ITC reported 17.4% decline in sales with cigarettes revenues seeing de-growth of 29.1%. The volume dip of 40% was better than our expectation given 45 days business loss. We believe trade (distributor, retailers) inventory would have depleted during lockdown despite retail shops staying closed. Preferred pack buying over loose cigarettes also helped restore volumes. These factors would have helped company to re-fill trade pipeline given manufacturing & supply chain operations normalised in June. The trade normally holds 14 days inventory. Comparable FMCG sales grew 12.2% with strong demand in staples, packages foods & hygiene product and steep decline in discretionary & stationary businesses. Operating margins contracted 1184 bps mainly impacted by negative operating leverage & excise hike earlier in budget. Net profit de-grew 26.2%.
Valuation & Outlook
With the end of capex cycle in most businesses (except FMCG), we believe capital allocation has been rationalised. With more than Rs. 20,000 crore of cash & liquid investment and consistent free cash flow generation of Rs. 10,000-12000 crore, we expect Rs. 20/share including special dividend in FY21E. We value the stock on SOTP basis valuing cigarette business at 14x PE & FMCG business at 5x price to sales with a target price of Rs. 250/share.

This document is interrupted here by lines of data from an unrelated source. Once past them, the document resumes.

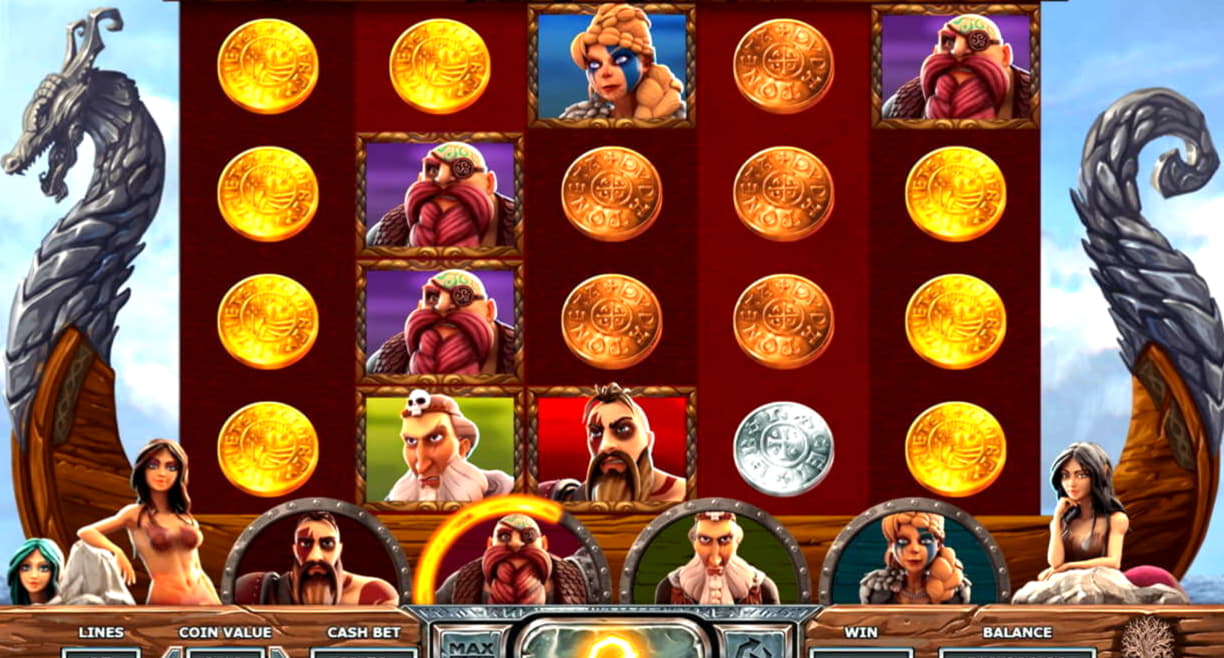 ﻿$3685 NO DEPOSIT BONUS CODE at 7 Reels Casino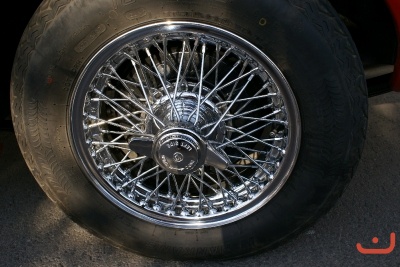 CONCENTRACION CLASICOS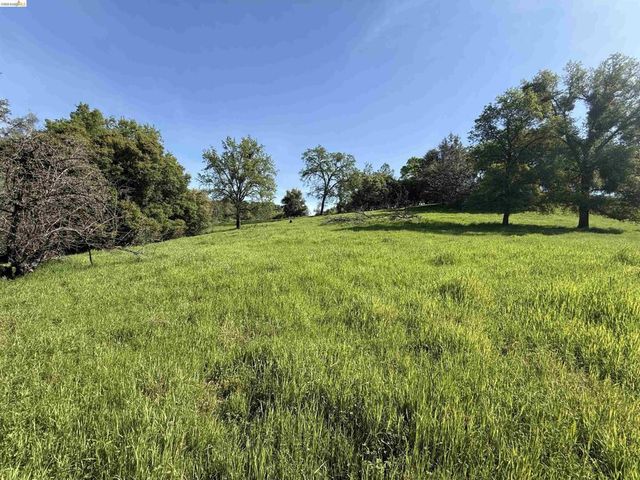 8534 Wilcox Ranch Road, Sonora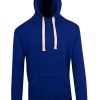 Mens Fleece Hoodie Mens Fleece Hoodie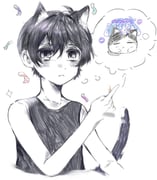 Post 12303506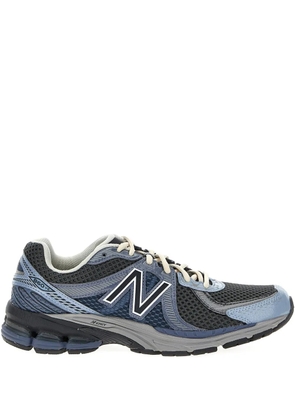 New Balance 860 sneakers - Grey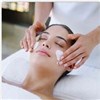 Soin du visage bio hydratant et massage pour Elle - Beauty Secrets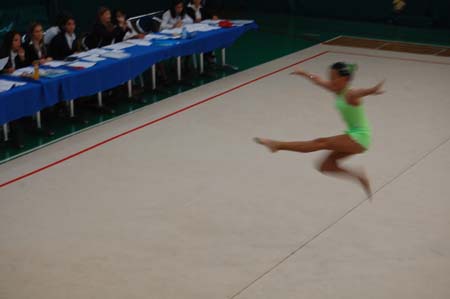 ottobre 09 (75)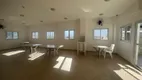 Foto 23 de Apartamento com 2 Quartos à venda, 55m² em Praia de Itaguá, Ubatuba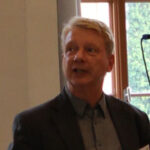 Prof. Dr. Uwe Adler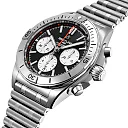 Breitling Chronomat B01 42, Ref# AB0134101B1A1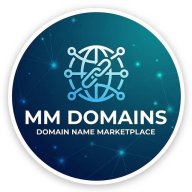 mm domains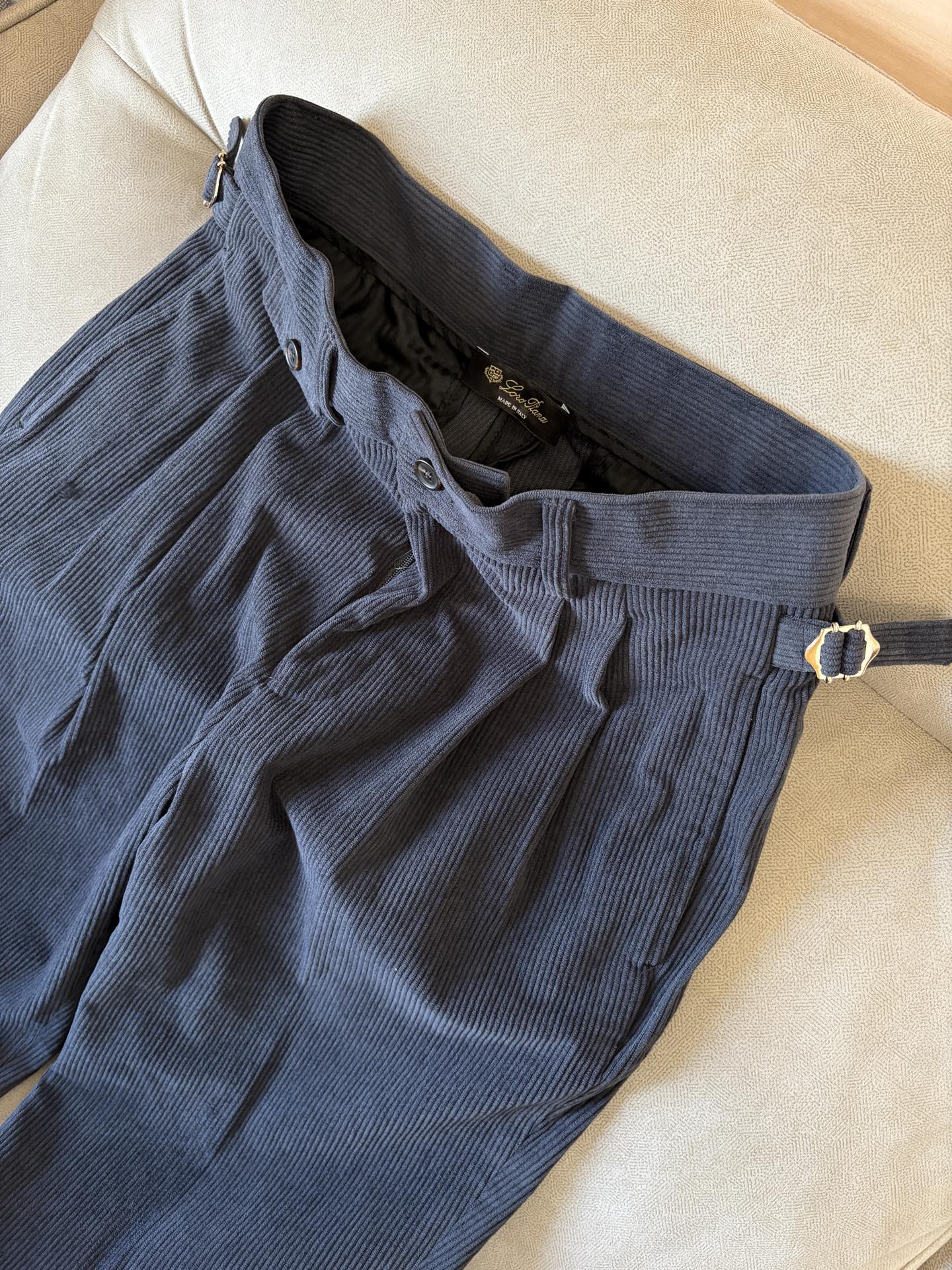 Balenciaga Basic Clothing Wool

For details, click on the link below: https://www.icicidirect.com/mailimages/IDirect_ITC_Q1FY21.pdf
Shares of ITC LTD. was last trading in BSE at Rs.199.7 as compared to the previous close of Rs. 200.65. The total number of shares traded during the day was 936745 in over 7929 trades.
The stock hit an intraday high of Rs. 201.65 and intraday low of 197.35. The net turnover during the day was Rs. 186757863.